■ Brief
Look in the data below for the line that has "Helly Hansen® Manchester", then print exactly every line from there through the line that has "135Th, BURIEN, WA 98146", leaving pictures out.

■ Given records
%%

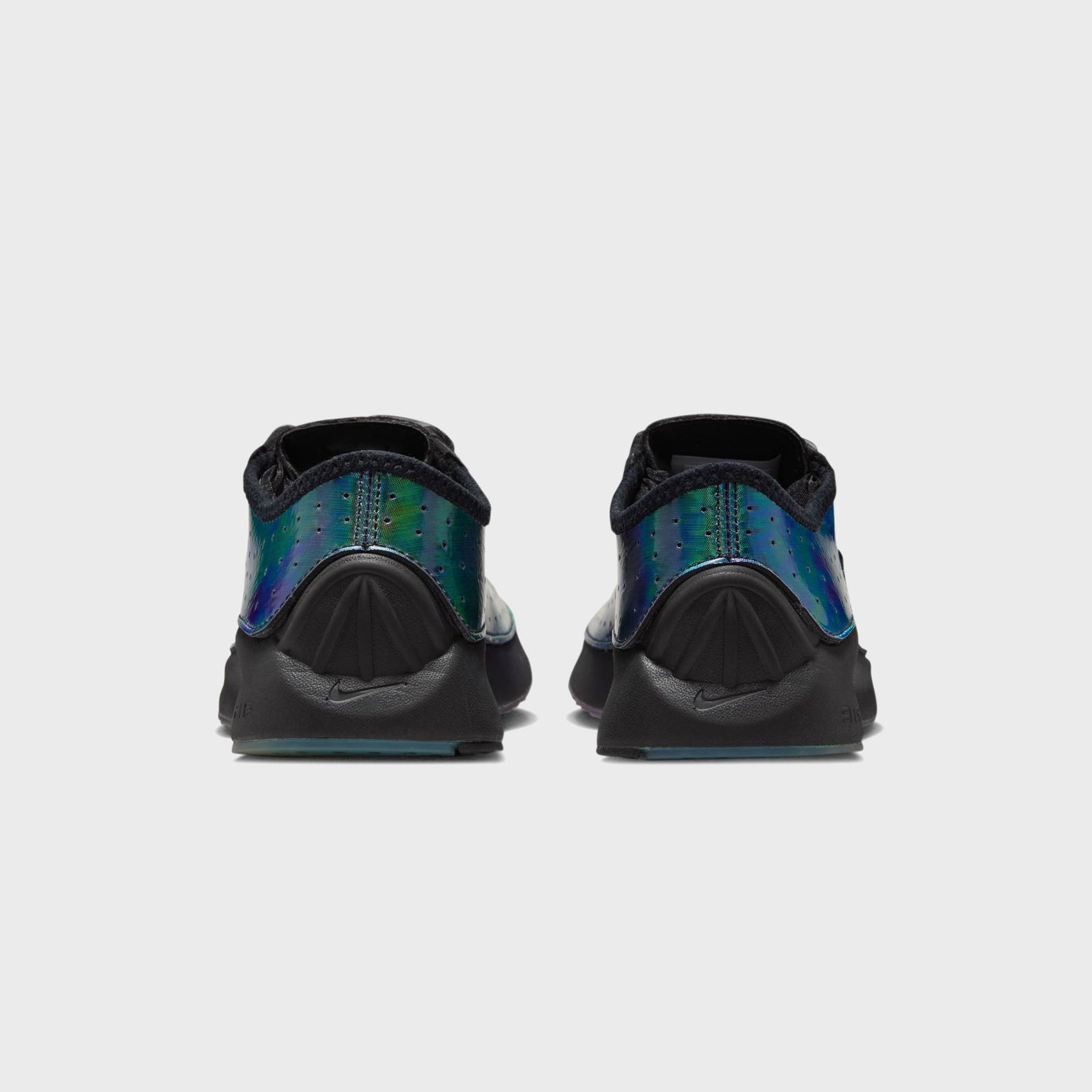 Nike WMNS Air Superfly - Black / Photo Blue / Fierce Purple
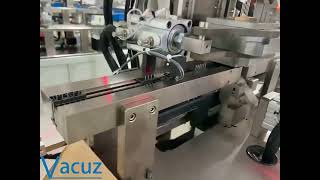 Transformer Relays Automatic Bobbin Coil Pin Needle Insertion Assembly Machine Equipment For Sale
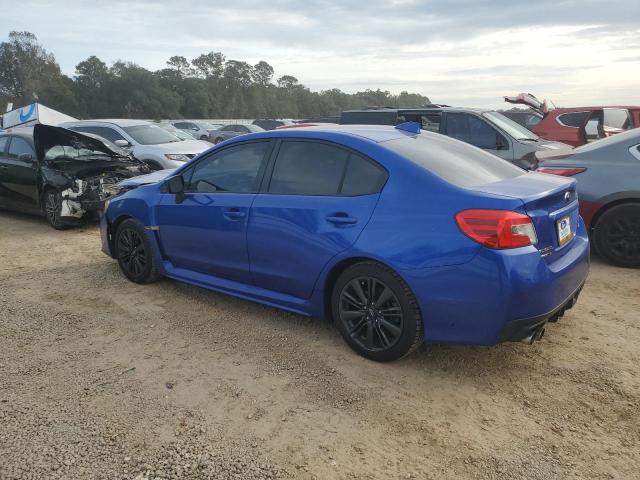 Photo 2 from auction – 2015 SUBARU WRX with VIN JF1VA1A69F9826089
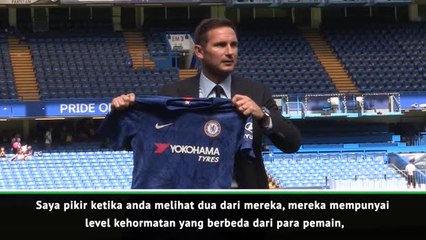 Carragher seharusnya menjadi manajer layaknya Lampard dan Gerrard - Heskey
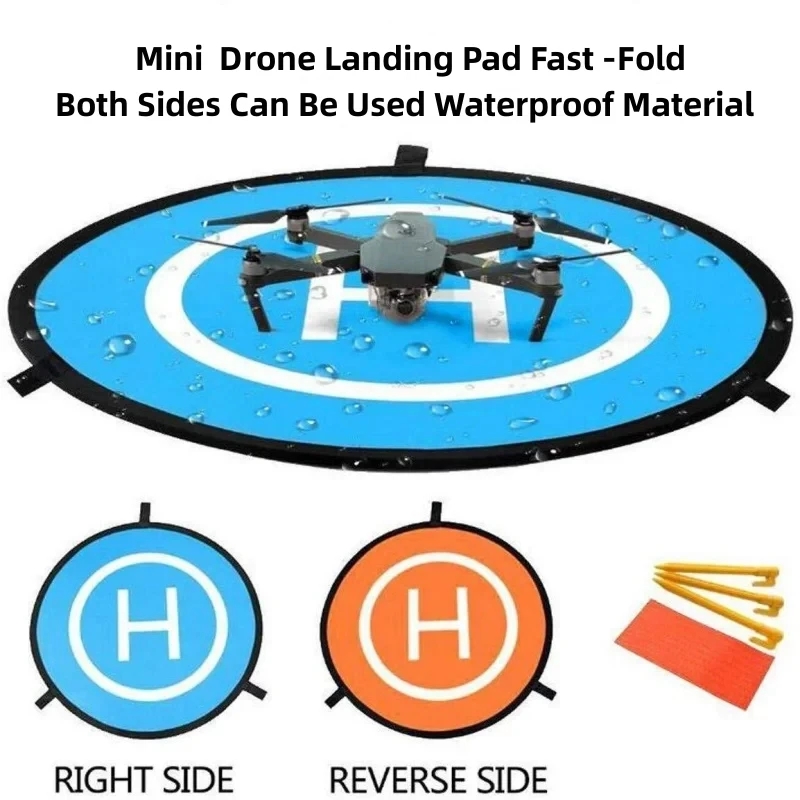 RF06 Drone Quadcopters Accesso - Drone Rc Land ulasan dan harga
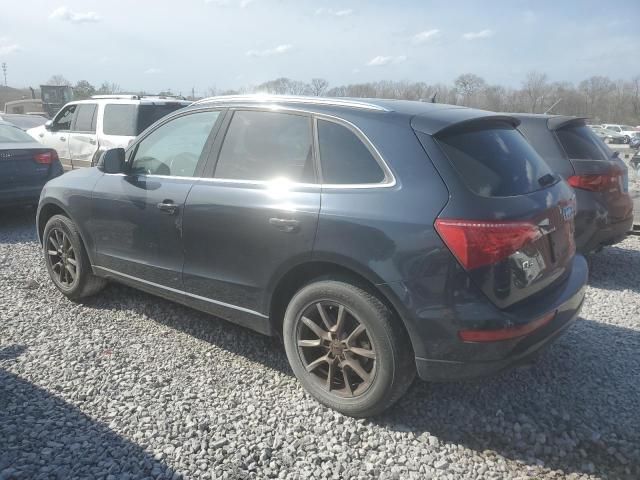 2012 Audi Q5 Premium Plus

%%
%%

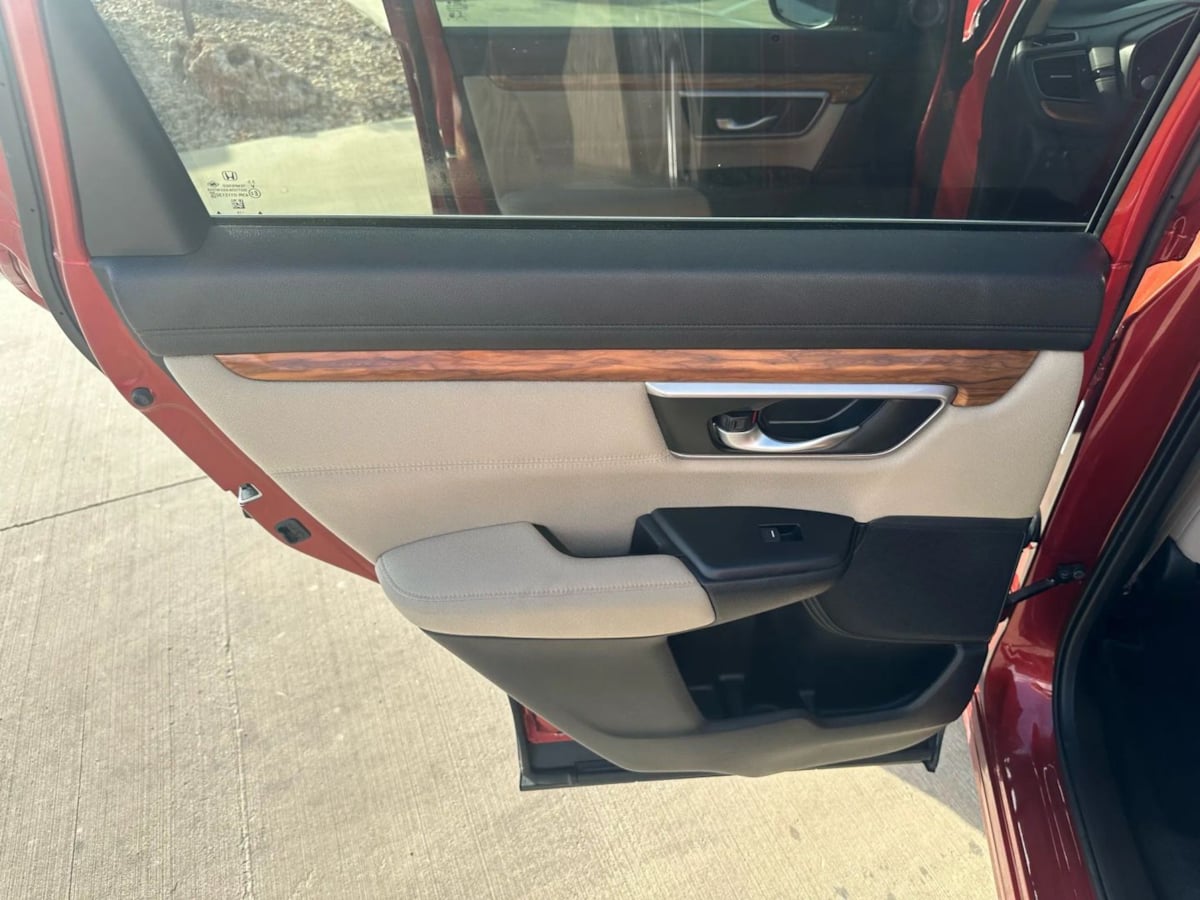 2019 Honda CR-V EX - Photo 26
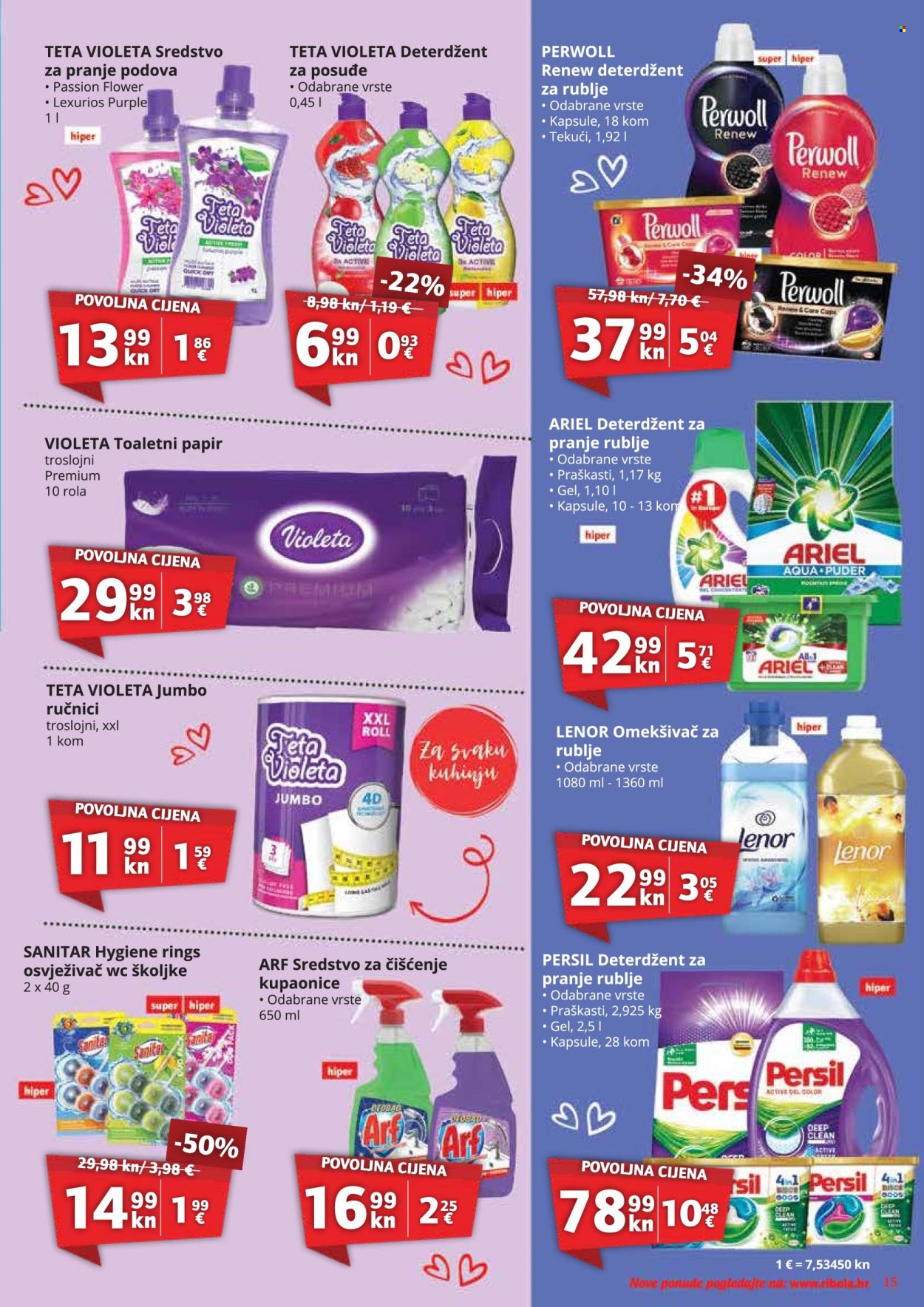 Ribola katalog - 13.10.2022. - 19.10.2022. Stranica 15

%%
%%

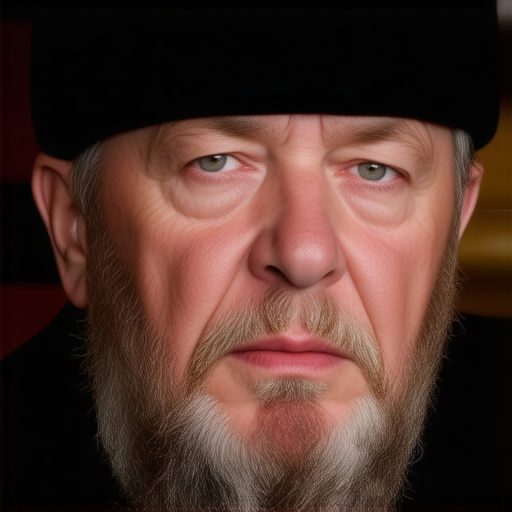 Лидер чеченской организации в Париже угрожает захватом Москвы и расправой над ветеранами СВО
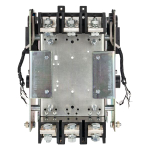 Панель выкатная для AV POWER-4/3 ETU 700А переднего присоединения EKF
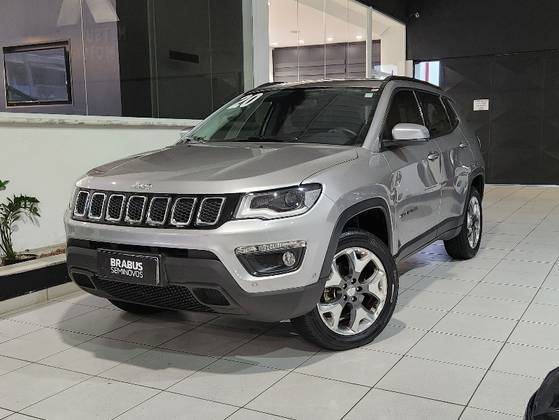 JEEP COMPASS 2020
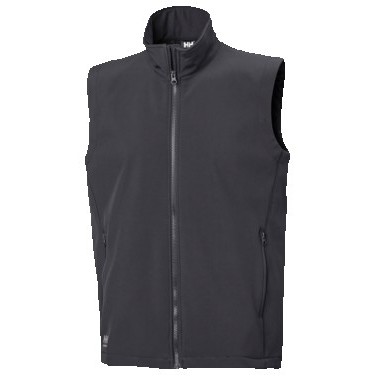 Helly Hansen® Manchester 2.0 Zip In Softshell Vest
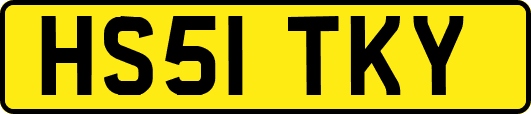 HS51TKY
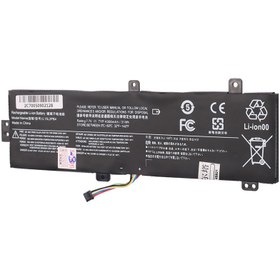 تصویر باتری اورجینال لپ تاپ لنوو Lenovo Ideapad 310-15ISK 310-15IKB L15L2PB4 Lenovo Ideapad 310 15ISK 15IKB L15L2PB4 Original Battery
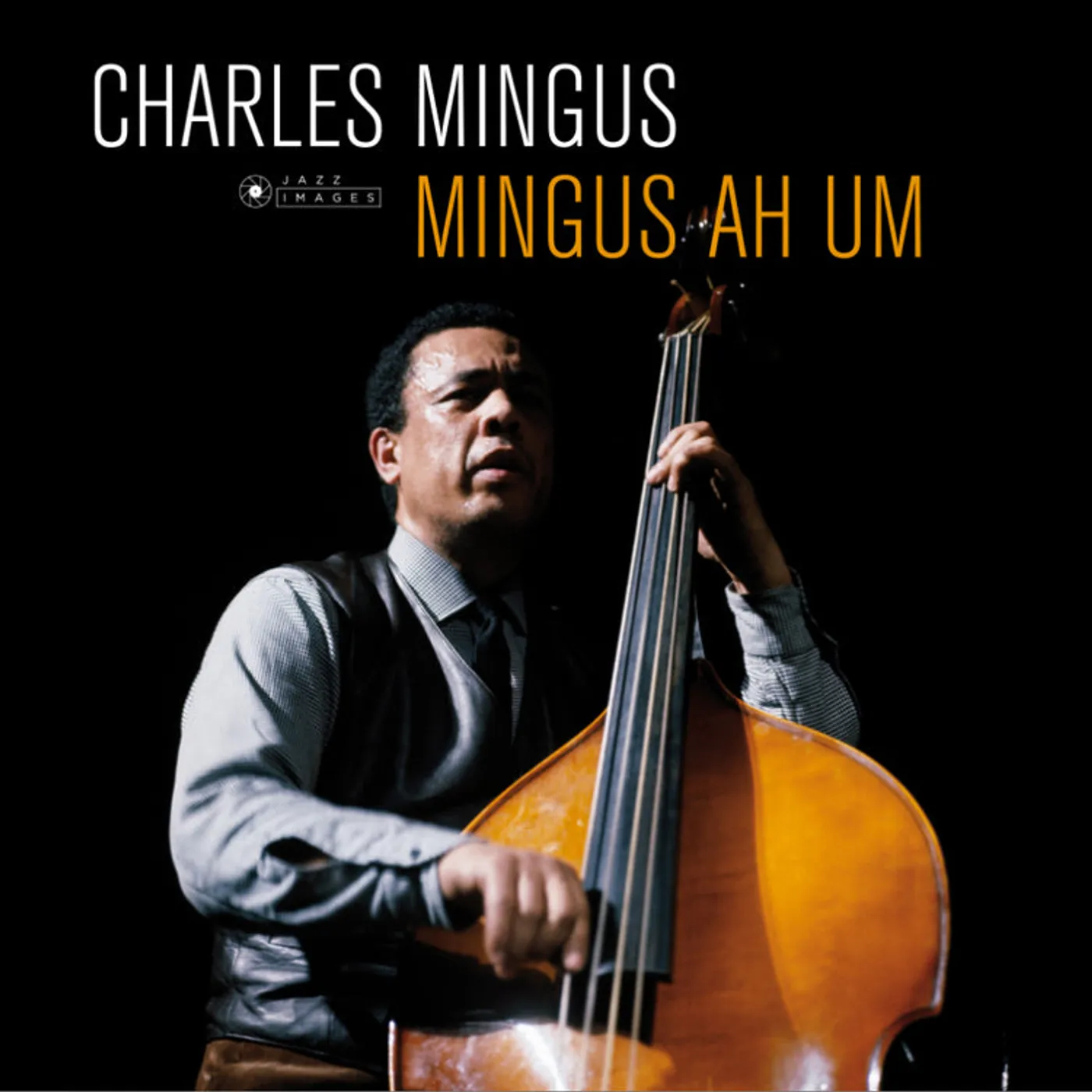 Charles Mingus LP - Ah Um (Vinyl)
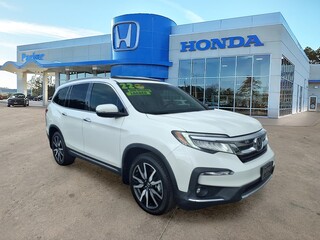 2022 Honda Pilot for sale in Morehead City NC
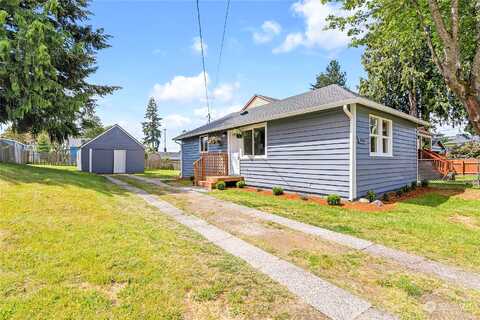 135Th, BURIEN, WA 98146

%%

■ Response area
 Helly Hansen® Manchester 2.0 Zip In Softshell Vest
 HS51TKY
 تصویر باتری اورجینال لپ تاپ لنوو Lenovo Ideapad 310-15ISK 310-15IKB L15L2PB4 Lenovo Ideapad 310 15ISK 15IKB L15L2PB4 Original Battery
 Charles Mingus LP - Ah Um (Vinyl)
 2022 Honda Pilot for sale in Morehead City NC
 135Th, BURIEN, WA 98146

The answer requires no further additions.